L1000 Experimental Scheme The L1000 assay uses Luminex bead-based fluorescent scanners to detect gene expression changes resulting from treating cultured human cells with chemical or genetic perturbations [Subramanian 2017]. Experiments are performed in 384-well plate format, where each well contains an independent sample. The Luminex scanner is able to distinguish between 500 different bead types, or colors, which CMap uses to measure the expression levels of 978 landmark genes using two detection approaches.

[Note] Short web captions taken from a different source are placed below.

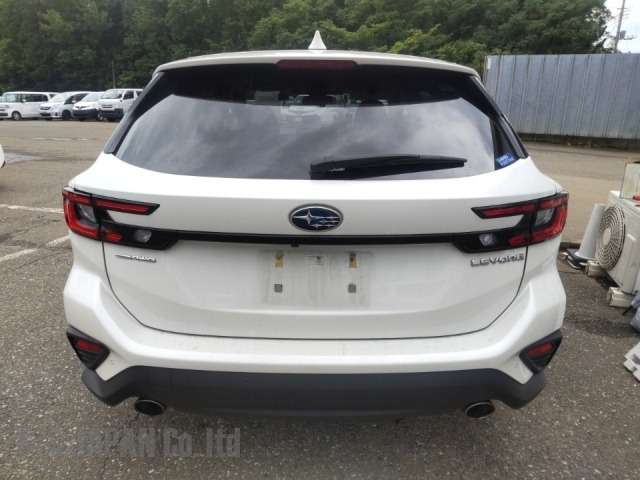 SUBARU LEVORG GT 2021 1800cc Image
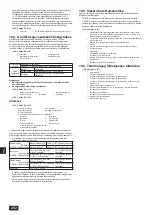 Предварительный просмотр 252 страницы Mitsubishi Electric CITY MULTI PQHY-P YLM-A Series Installation Manual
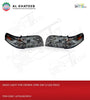 HEAD LIGHT FOR CROWN 1998-200 2/LED DECO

In the first detection mode, called $UNI$, each of the 978 landmark genes is measured individually on one of the 500 Luminex bead colors. In order to capture all 978 genes, two detection plates are used, each measuring 489 landmarks. The two detection plates’ worth of data are then computationally combined to reconstruct the full 978-gene expression profile for each sample.

By contrast, in the $DUO$ detection scheme two genes are measured using the same bead color. Each bead color produces an intensity histogram which characterizes the expression of the two distinct genes. In the ideal case, each histogram consists of two peaks each corresponding to a single gene. The genes are mixed in a 2:1 ratio, thus the areas under the peaks have a 2:1 ratio (see Figure 1), which enables the association of each peak with the specific gene. The practical advantage of the DUO detection mode is that it uses half of the laboratory reagents as UNI mode, and hence $DUO$ is and has been the main detection mode used by CMap. After $DUO$ detection, the expression values of the two genes are computationally extracted in a process called 'peak deconvolution.' See @subramanian2017next for more details.